==== Material for this exercise

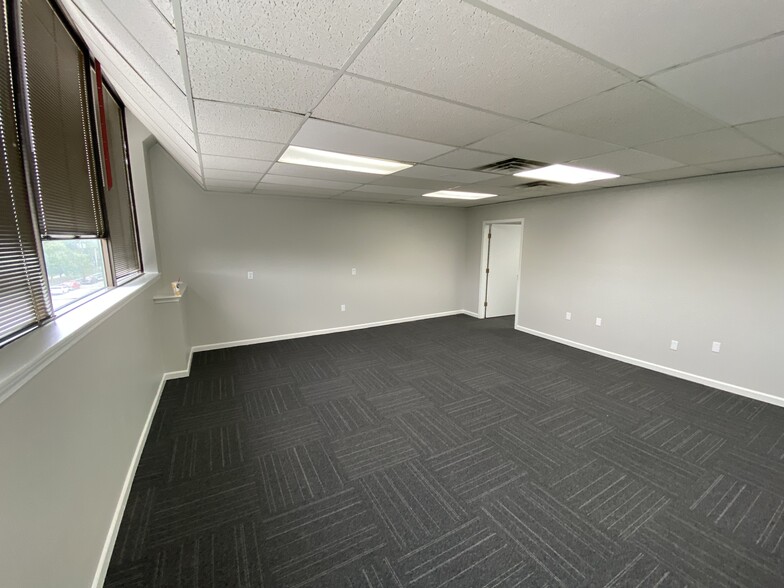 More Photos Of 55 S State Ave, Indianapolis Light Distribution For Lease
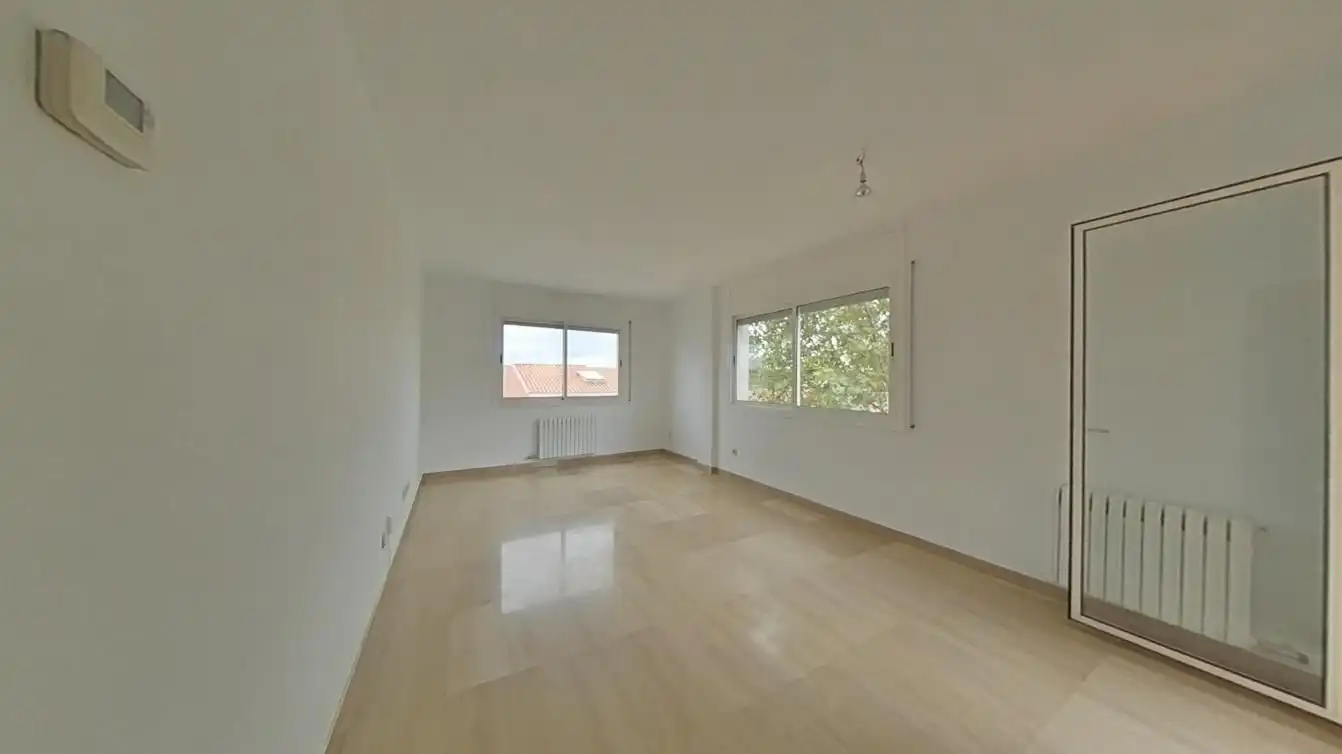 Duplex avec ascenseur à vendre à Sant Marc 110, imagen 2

========
==== Material for this exercise

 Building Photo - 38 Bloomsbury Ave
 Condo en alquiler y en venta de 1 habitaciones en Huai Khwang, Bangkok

========

What you will do: Above is the material; set down exactly its lines from the one containing "More Photos Of" down to the one containing "Duplex avec ascenseur", both included, leaving out any pictures.

Expected output:
 More Photos Of 55 S State Ave, Indianapolis Light Distribution For Lease
 Duplex avec ascenseur à vendre à Sant Marc 110, imagen 2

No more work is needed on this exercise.